Au commencement de l’année 1862, l’Amérique souffrit des inconvénients de la guerre et de toute une gêne que résume le mot si bien connu de restrictions. Emerson écrit, le 1er janvier : « Le jour de l’an me trouve dans le même embarras que le reste des Américains. Pas un sou de mes livres depuis juin dernier, quand ils me rapportaient de cinq à six cents dollars par an. A. la banque, pas de dividendes. Et presque tout le revenu de mes conférences, tari. Avec cela, un effort d’économie pour consommer aussi peu que la chandelle sous l’éteignoir… Mieux vaut cent fois ce martyre que d’accepter par impatience une paix hâtive ou une paix qui ramène le vieux chancre ! » Et il ajoute : « Bien qu’en fait rien ne soit plus improbable ou même impossible pour moi, je ne veux pas renoncer au privilège in extremis de prendre moi aussi le sabre ou le fusil. La paix de l’homme qui a renoncé à faire usage du fusil n’est point, à mes yeux, une paix véritable. » Et je crois que tels sont aujourd’hui les sentiments de l’Amérique pacifiste dans la guerre.

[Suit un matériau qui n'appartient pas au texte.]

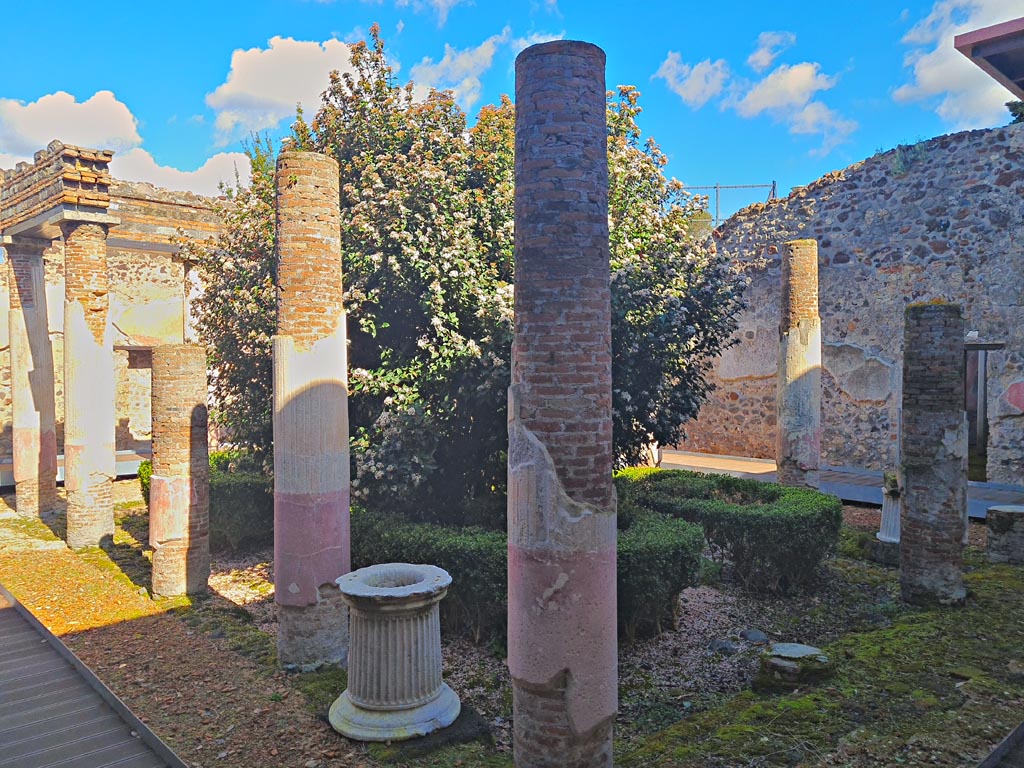 HGW24 Pompeii. Villa of Diomedes. March 2024.
Looking north-east across peristyle from south-west corner. Photo courtesy of Giuseppe Ciaramella.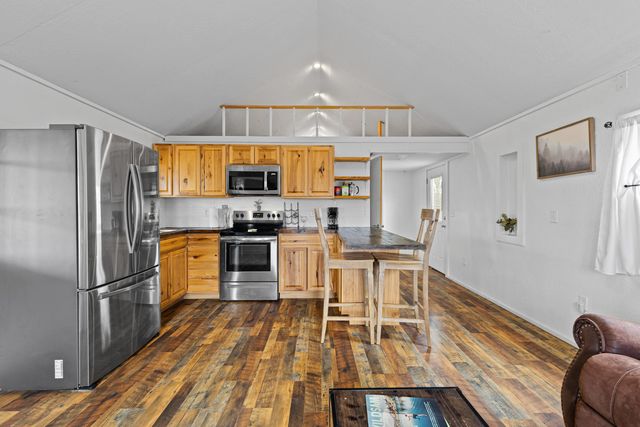 145 Newsome RD, Gilmer, TX 75644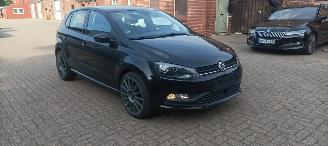 Volkswagen Polo TDI DPF Euro6 Bluemotion Climatecontrol Leder stuurwiel Regensensor StartStop LC9X DeepBlackMagicPearl 18-inch TecWheels picture 1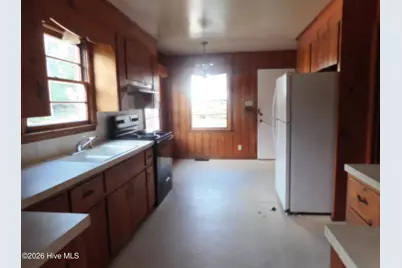 604 Everett Street, Laurinburg, NC 28352 - Photo 16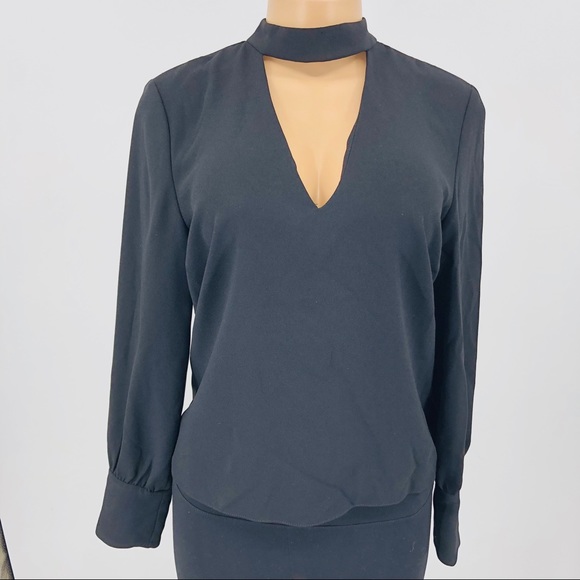ZARA Woman V Neck Blouse - Picture 3 of 7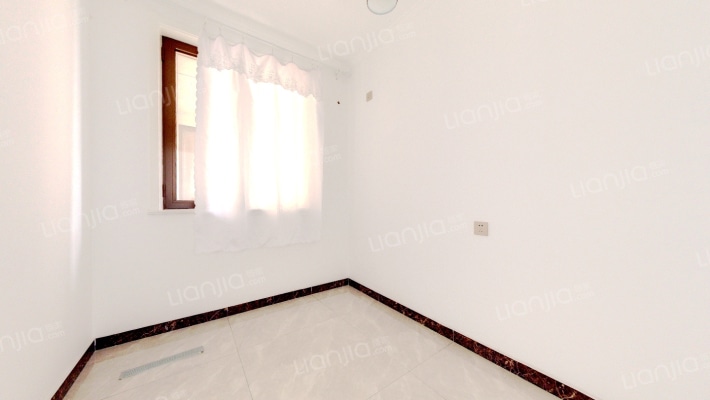 鸿坤全阳三居室   精装修   中高层   满二年-卧室B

Emerson, le plus grand rêveur qu’il y eût, et qui a passé toute sa vie à jouer avec les idées, ces folles, et qui parfois le mènent loin des idées l’amusent ; il ne les épouse pas. Il va où elles allaient, il les a regardées partir, il ne les a pas suivies. Et il regarde l’avenir : il est dans le présent. Et il regarde l’univers : il est chez lui. C’est en étant chez lui, et de chez lui, très casanier, qu’il eut conscience d’être un citoyen de l’univers. Il approuve qu’on désespère « d’un homme pour qui le morceau de terre qu’il a sous les pieds n’est pas-quelque chose de plus doux que le reste du monde et de tous les mondes. « Il est patriote ; il dénigre un patriotisme paresseux qui attend, pour aimer, qu’on lui en donne l’exemple. Et il a écrit cette ligne jolie et touchante, où cet ami de notre Montaigne ressemble aussi à notre Joubert : « Faites grand cas du lieu où vous vivez. » Il n’avait rien vu en Italie, à Terni, à Syracuse ou à Florence, qui lui rendit moins beau ou moins cher son paysage de campagne américaine. Et le livre de ses méditations les plus hardies, il aurait voulu l’appeler Essais de la forêt, parce qu’il avait reçu de la forêt voisine, où il se promenait tous les jours, ses plus belles pensées relatives à l’avenir et à l’univers illimités.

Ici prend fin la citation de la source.